Five months and $300 billion later, the federal government's HOPE For Homeowners program has helped exactly one homeowner avoid losing a property to foreclosure. This is a perfect illustration of how government solutions are worse than the problems they are supposedly designed to solve, in this case the foreclosure crisis and falling property values.

CNNMoney has an article describing the debacle that has become the HOPE for Homeowners program. Out of 752 applications taken for assistance, the Federal Housing Administration (FHA) has insured just that one loan. And the Obama mortgage relief plan has many of the same characteristics and requirements of this current failure.

In fact, the best way in Washington for a plan to be upgraded, revamped, and improved is for it to fail spectacularly, and HOPE for Homeowners in no exception. According to CNN, "the House of Representatives recently approved an updated version of HOPE as part of the bankruptcy-reform bill that is a keystone to President Obama's Homeowner Affordability and Stabilization Plan."

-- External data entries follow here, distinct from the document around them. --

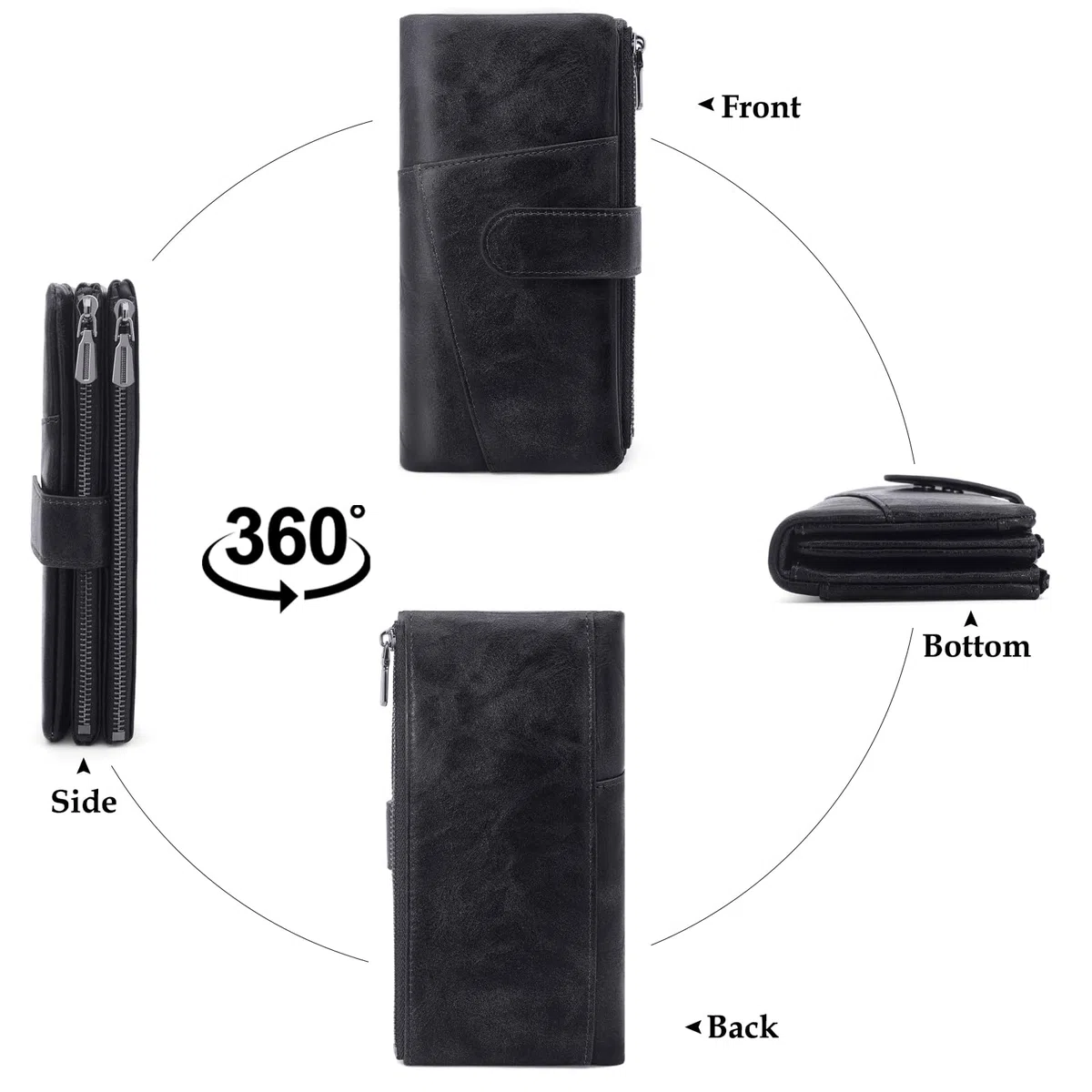 REETEE Carteras de Mujer Grande Cuero PU Monedero Muje Carteras Bloqueo RFID Largo Billetera 2 Grand Bolsillo con Cremallera para Monedas con 23 Ranuras Tarjetas (Negro)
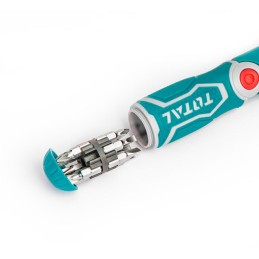 Wkrętak przegubowy z grzechotką i zestawem bitów TACSD30136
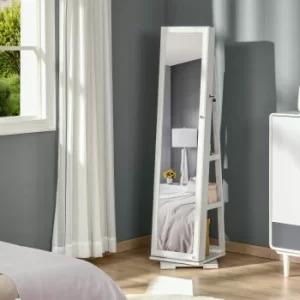 Image of HOMCOM 360° Swivel Jewellery Cabinet, Mirror Armoire, Full Length Mirror, Lockable Jewellery Organizer with Built-In Small Mirror, White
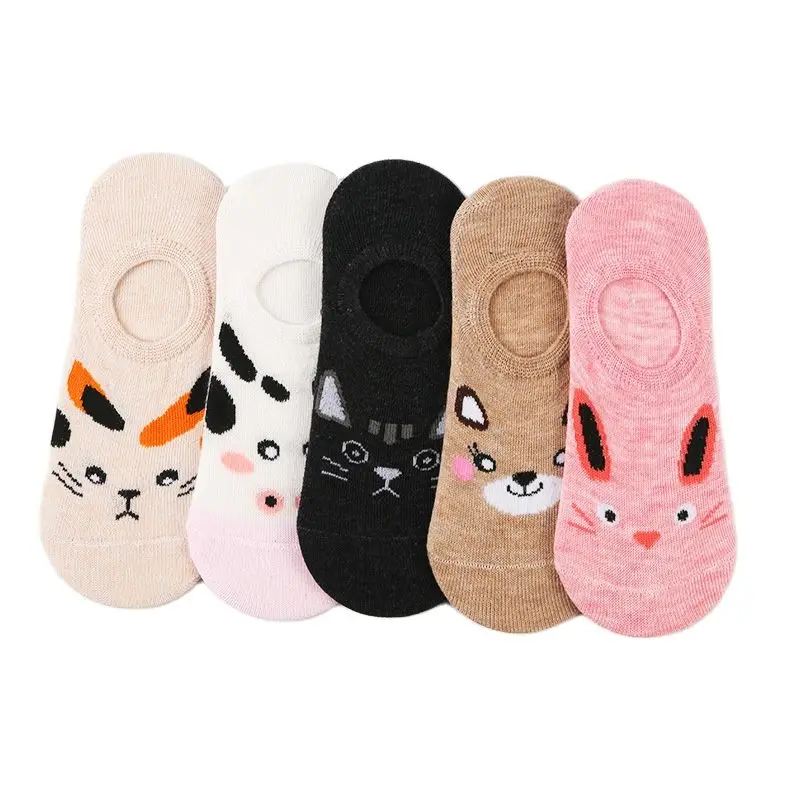 Calcetines de estilo Harajuku para mujer, calcetín corto de corte bajo, Harajuku, coreano, Kawaii, moda de otoño, lote de 5 pares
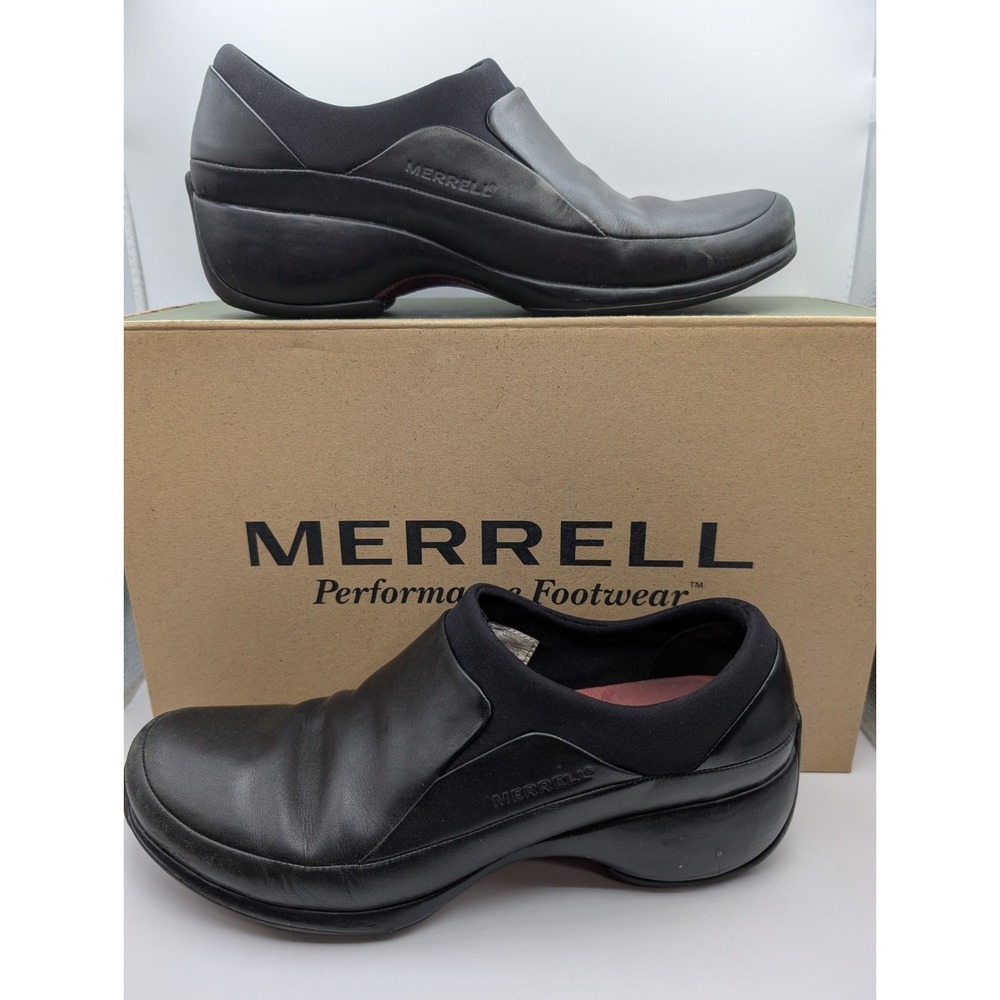 Merrell Shoes Womens Size 9.5 Black Spire Stretch Slip On Comfort Leather J43962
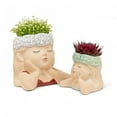 thumbnail image 2 of Head In Hands With Red Top Planter, 2 of 3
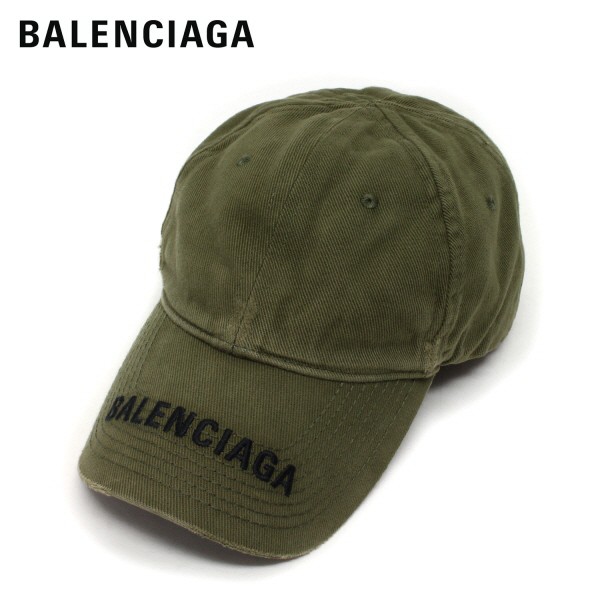 バレンシアガ BALENCIAGA LOGO VISOR CAP ファブリックキャップ【カーキ】 673318 410B2 2960/【2022-23AW】goods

This offers the perfect amount of false hope to people facing facing foreclosure, which carries on the grandiose "place your hope in the changing power of hope" theme of the presidential campaign.

If saving one home from foreclosure means that the government must appropriate nearly $300 billion and turn away over 750 other homeowners, what chance is there that any of its programs will really solve any of the problems in the housing market?

The three hundred billion dollars set aside to save one property means that all of the other three hundred million people in America have to put in $1,000 each -- to save one house! Of course, if this were an actual tax and the government was accountable for its failures, this waste and inefficiency would be eliminated quickly.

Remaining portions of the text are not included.